### REQUIRED WORK
Look below for the line containing "BIG FOOTED Low". Write out that line and the rest through the last one, exactly as they appear, but without pictures.

[Source data]
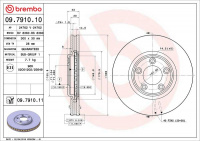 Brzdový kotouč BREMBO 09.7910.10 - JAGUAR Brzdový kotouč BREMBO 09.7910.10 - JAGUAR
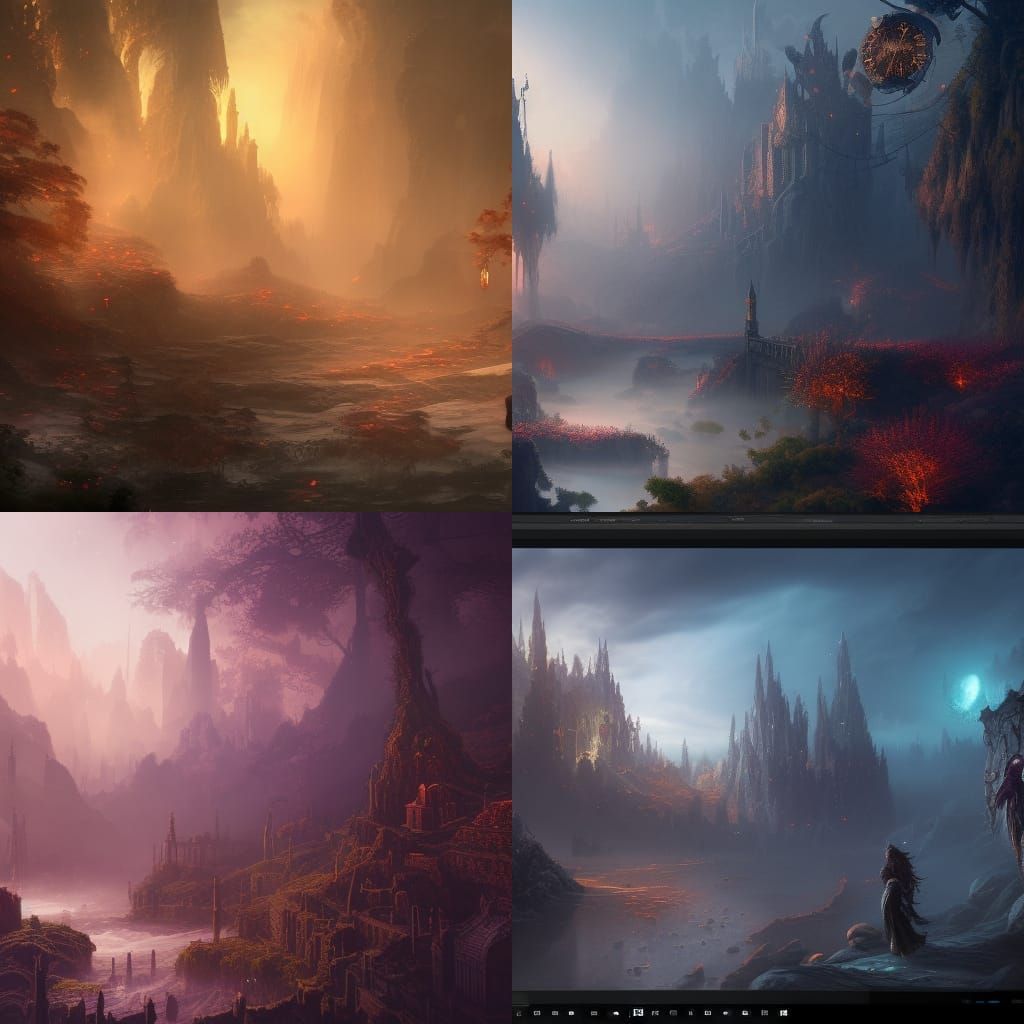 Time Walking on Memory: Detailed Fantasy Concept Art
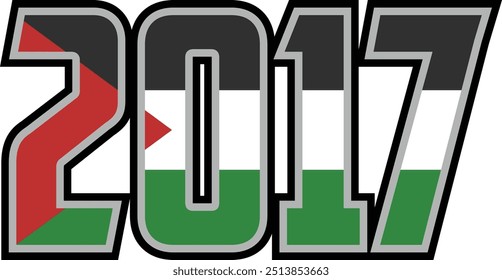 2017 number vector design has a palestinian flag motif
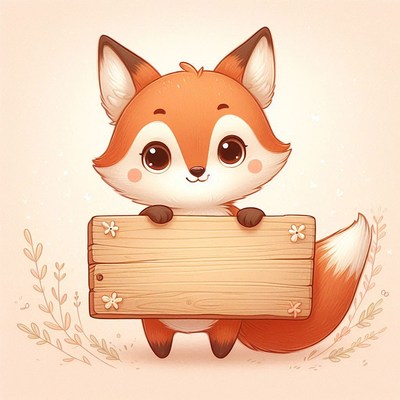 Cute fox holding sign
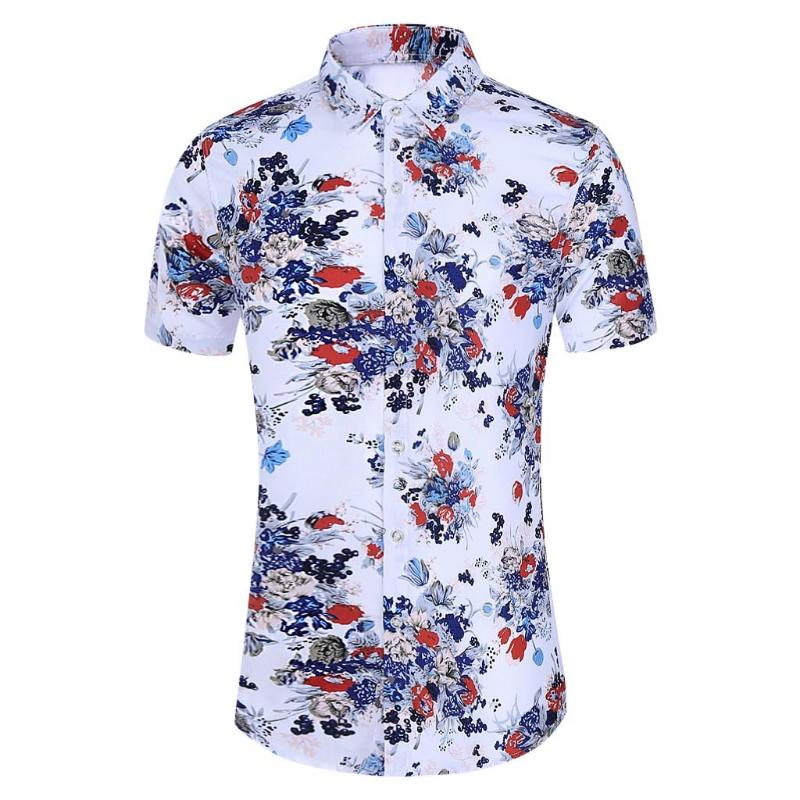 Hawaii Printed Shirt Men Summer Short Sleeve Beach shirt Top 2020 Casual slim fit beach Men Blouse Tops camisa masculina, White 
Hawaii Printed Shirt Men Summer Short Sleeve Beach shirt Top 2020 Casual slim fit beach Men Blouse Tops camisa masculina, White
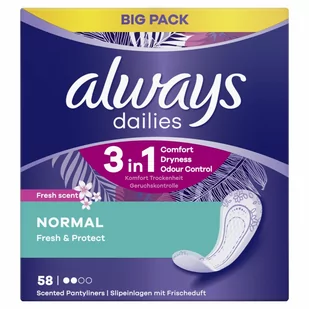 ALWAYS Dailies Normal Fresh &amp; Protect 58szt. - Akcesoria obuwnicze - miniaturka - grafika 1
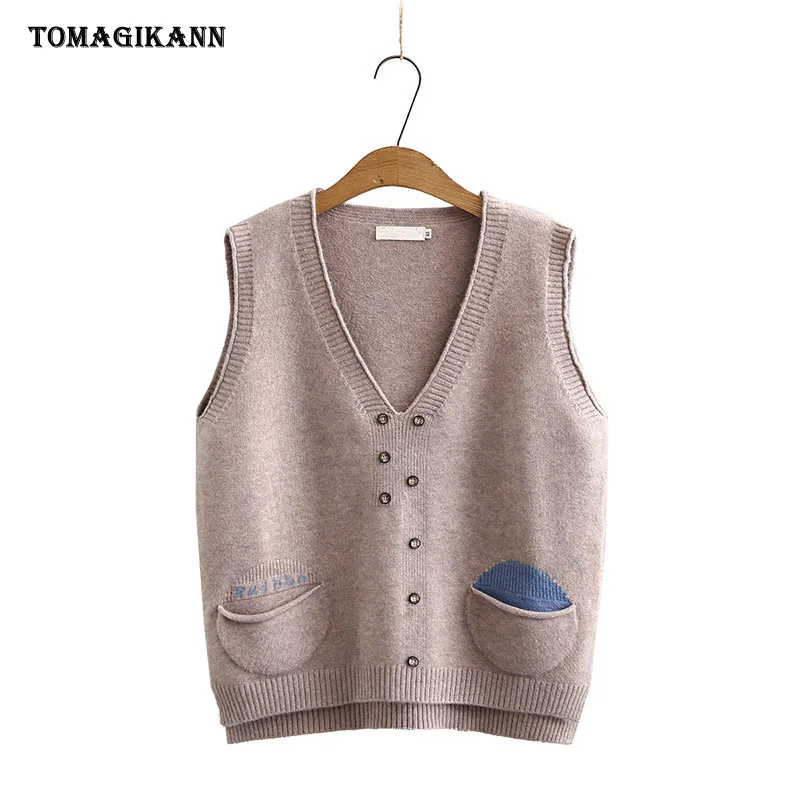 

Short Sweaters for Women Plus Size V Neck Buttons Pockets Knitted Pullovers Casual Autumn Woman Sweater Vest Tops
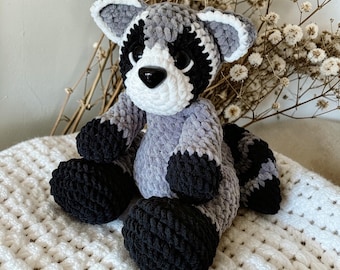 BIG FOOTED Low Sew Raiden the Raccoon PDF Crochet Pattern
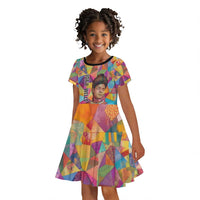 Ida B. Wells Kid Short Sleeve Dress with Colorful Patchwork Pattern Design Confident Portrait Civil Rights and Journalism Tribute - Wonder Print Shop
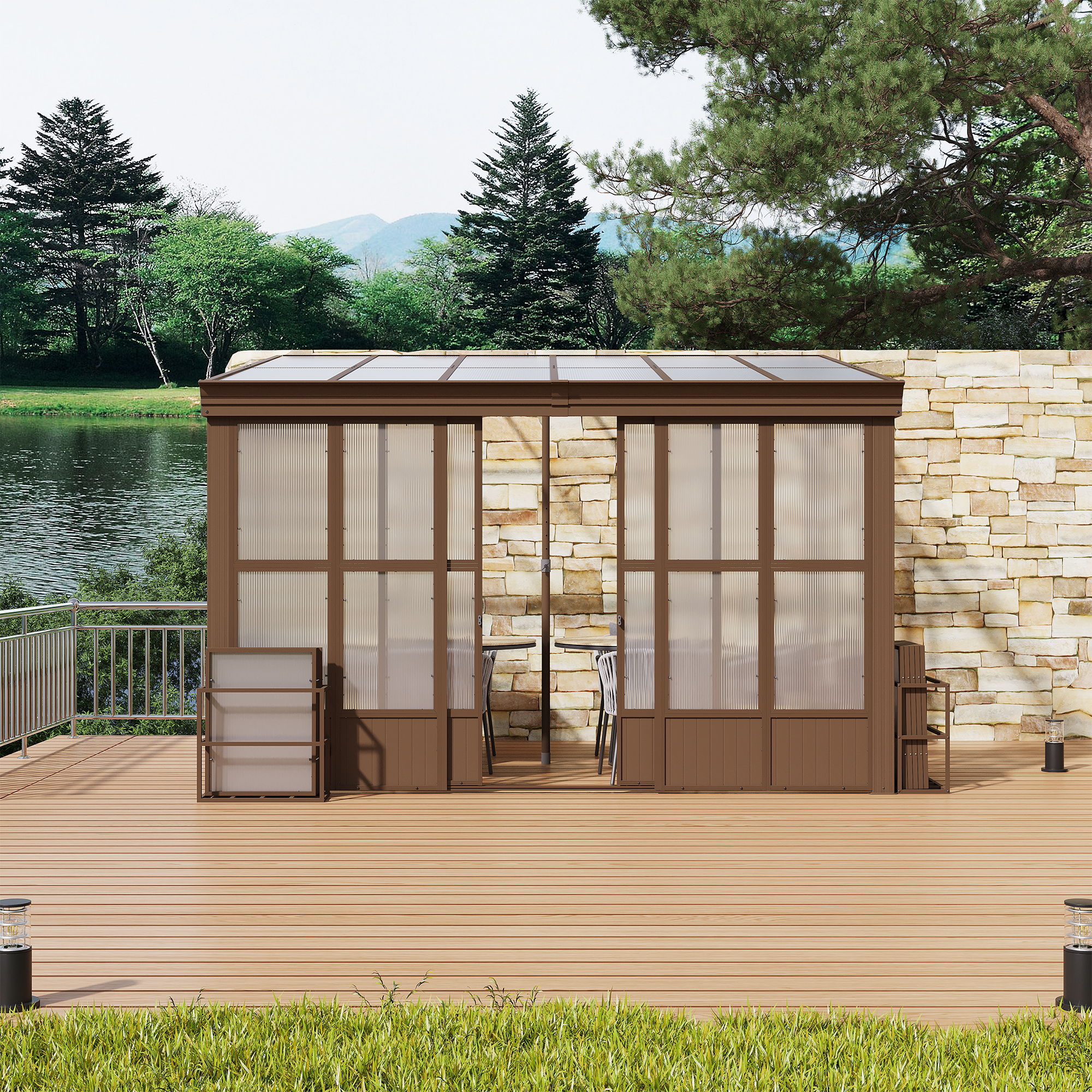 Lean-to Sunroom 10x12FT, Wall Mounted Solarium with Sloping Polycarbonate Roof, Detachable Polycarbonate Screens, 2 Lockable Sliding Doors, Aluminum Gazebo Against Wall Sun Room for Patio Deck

### WRITTEN RESPONSE
 BIG FOOTED Low Sew Raiden the Raccoon PDF Crochet Pattern
 Ida B. Wells Kid Short Sleeve Dress with Colorful Patchwork Pattern Design Confident Portrait Civil Rights and Journalism Tribute - Wonder Print Shop
 Lean-to Sunroom 10x12FT, Wall Mounted Solarium with Sloping Polycarbonate Roof, Detachable Polycarbonate Screens, 2 Lockable Sliding Doors, Aluminum Gazebo Against Wall Sun Room for Patio Deck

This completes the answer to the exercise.